The award ceremony was hosted at the Free and Open Source Software
Developers' Meeting (FOSDEM) in collaboration with the Free Software
Foundation Europe.
A committee of Free Software pioneers and leaders selected the winner
and two other finalists from the scores of mostly volunteer
programmers worldwide who dedicate their time to advancing Free
Software. The selection committee included: Miguel de Icaza, Ian
Murdock, Eric Raymond, Peter Salus, Vernor Vinge, and Larry Wall.
Prior to committee deliberations, a two month open nominations
process decided the list from which the committee chose these
finalists.
Guido van Rossum was chosen from three finalists for the award. The
other finalists were L. Peter Deutsch, for his work on GNU
Ghostscript, the popular Postscript emulation program for GNU/Linux,
and Andrew Tridgell, for his work on Samba, a Microsoft Windows
network file system emulation program.
This was the fourth award of this kind. The prior winners were Larry
Wall, Miguel de Icaza, and Brian Paul.
The Free Software Foundation Europe (FSF Europe) is a charitable
non-governmental organization dedicated to all aspects of Free
Software in Europe. Access to software determines who may
participate in a digital society. Therefore the freedoms to use,
copy, modify and redistribute software - as described in the Free
Software definition - allow equal participation in the information
age. Creating awareness for these issues, securing Free Software
politically and legally, and giving people freedom by supporting
development of Free Software are central issues of the FSF Europe,
which was founded in 2001 as the European sister organization of the
Free Software Foundation in the United States.
More information about the FSF Europe can be found at
http://www.fsfeurope.org/.
The Free Software Foundation, founded in 1985, is dedicated to promoting
computer users' right to use, study, copy, modify, and redistribute
computer programs. The FSF promotes the development and use of free (as
in freedom) software---particularly the GNU operating system and its
GNU/Linux variants---and free documentation for free software. The FSF
also helps to spread awareness of the ethical and political issues of
freedom in the use of software. Their web site, located at
http://www.gnu.org, is an important source of information about
GNU/Linux. They are headquartered in Boston, MA, USA.

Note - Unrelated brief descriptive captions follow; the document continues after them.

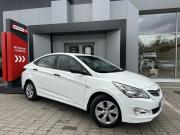 Hyundai Solaris I Рестайлинг Набережные Челны  - изображение 19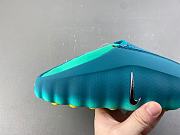 Nike Mind 001 Slide Geode Teal Light Menta HQ4307-301 - 5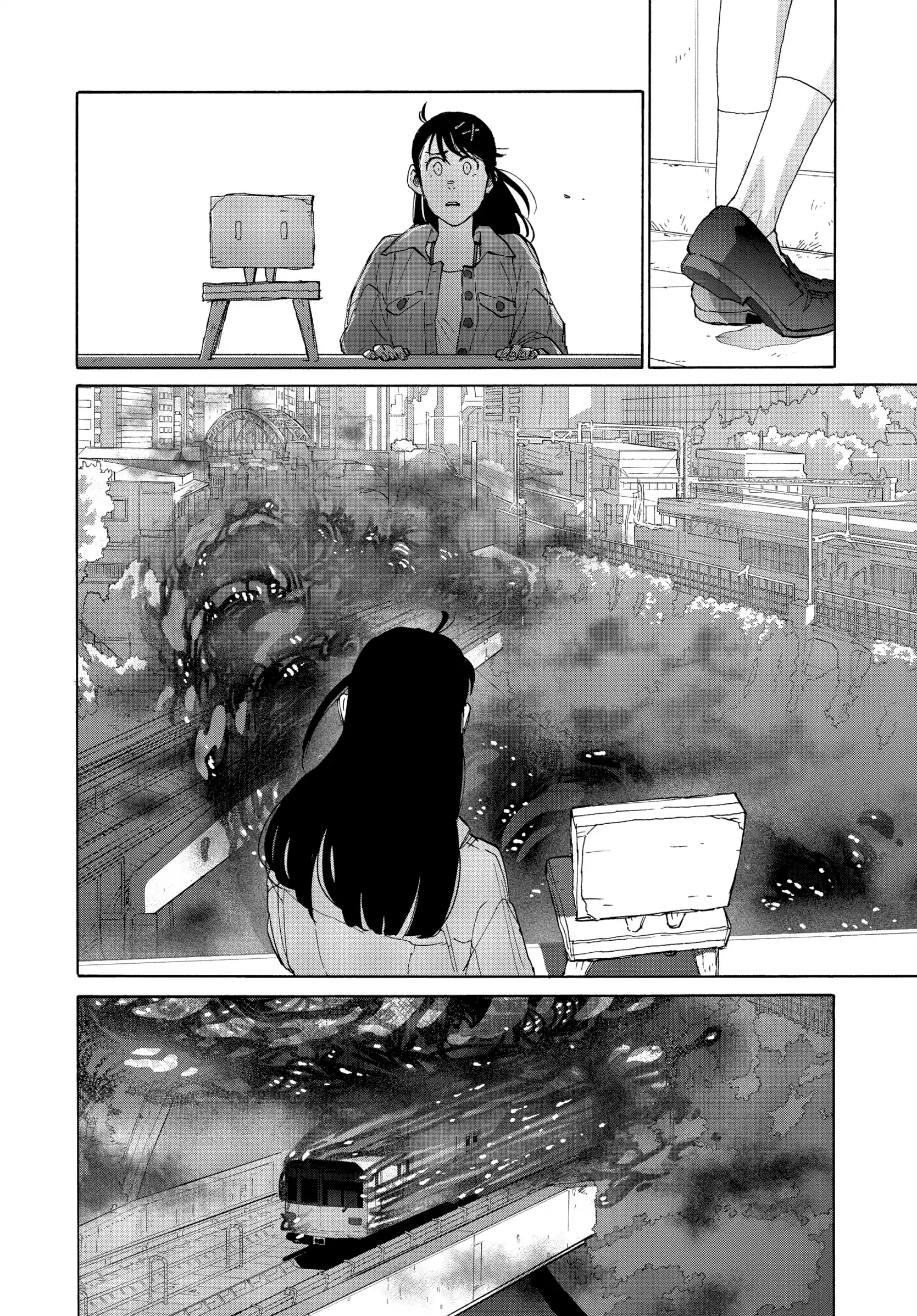 Suzume - Chapter 9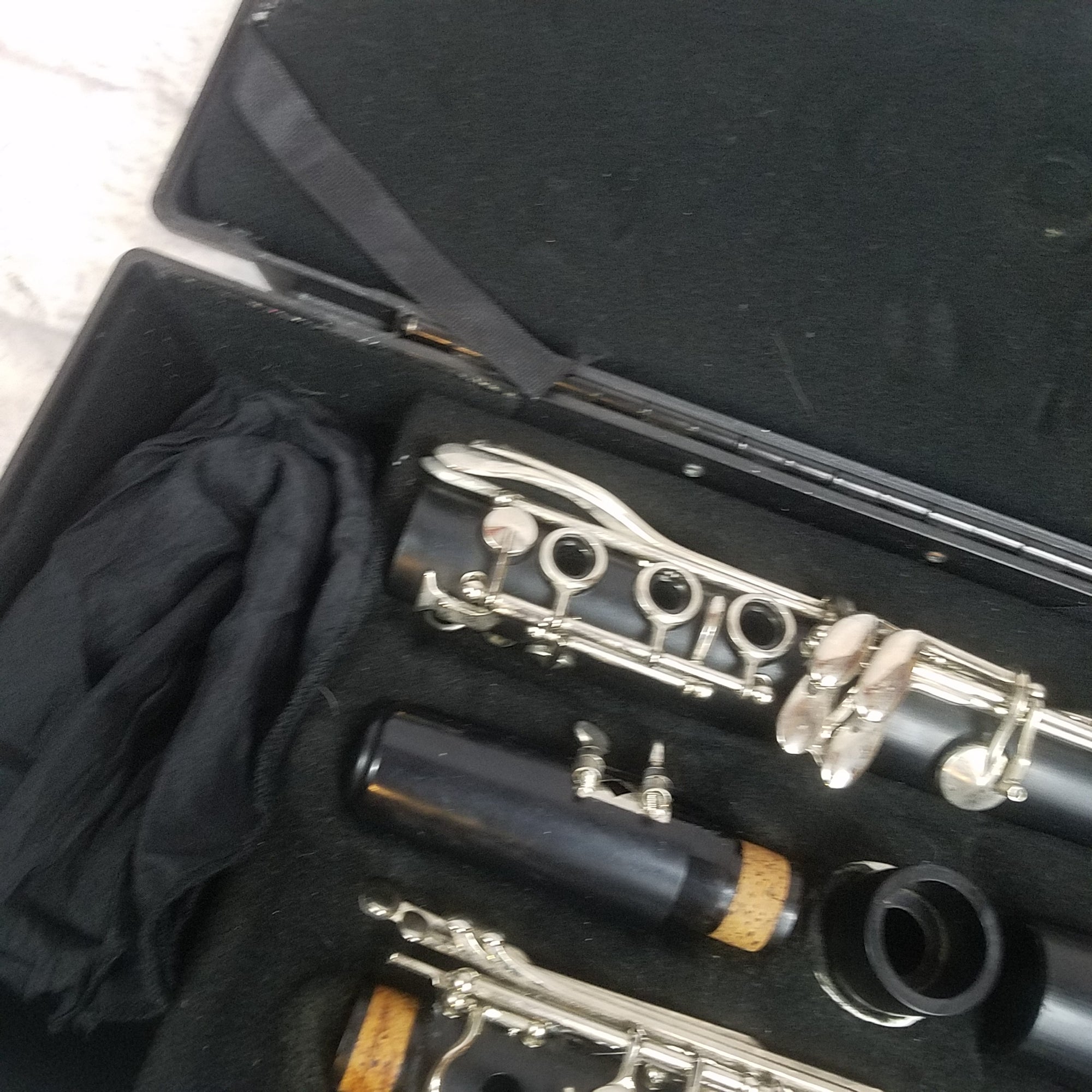 Leblanc Bliss Bb Clarinet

GNU/Linux is the integrated combination of the GNU operating system with
the kernel, Linux, written by Linus Torvalds in 1991. The various
versions of GNU/Linux have an estimated 20 million users.
Some people call the GNU/Linux system "Linux", but this misnomer leads to
confusion (people cannot tell whether you mean the whole system or the
kernel, one part), and spreads an inaccurate picture of how, when and
where the system was developed. Making a consistent distinction between
GNU/Linux, the whole operating system, and Linux, the kernel, is the best
way to clear up the confusion. See
http://www.gnu.org/gnu/linux-and-gnu.html for more
explanation.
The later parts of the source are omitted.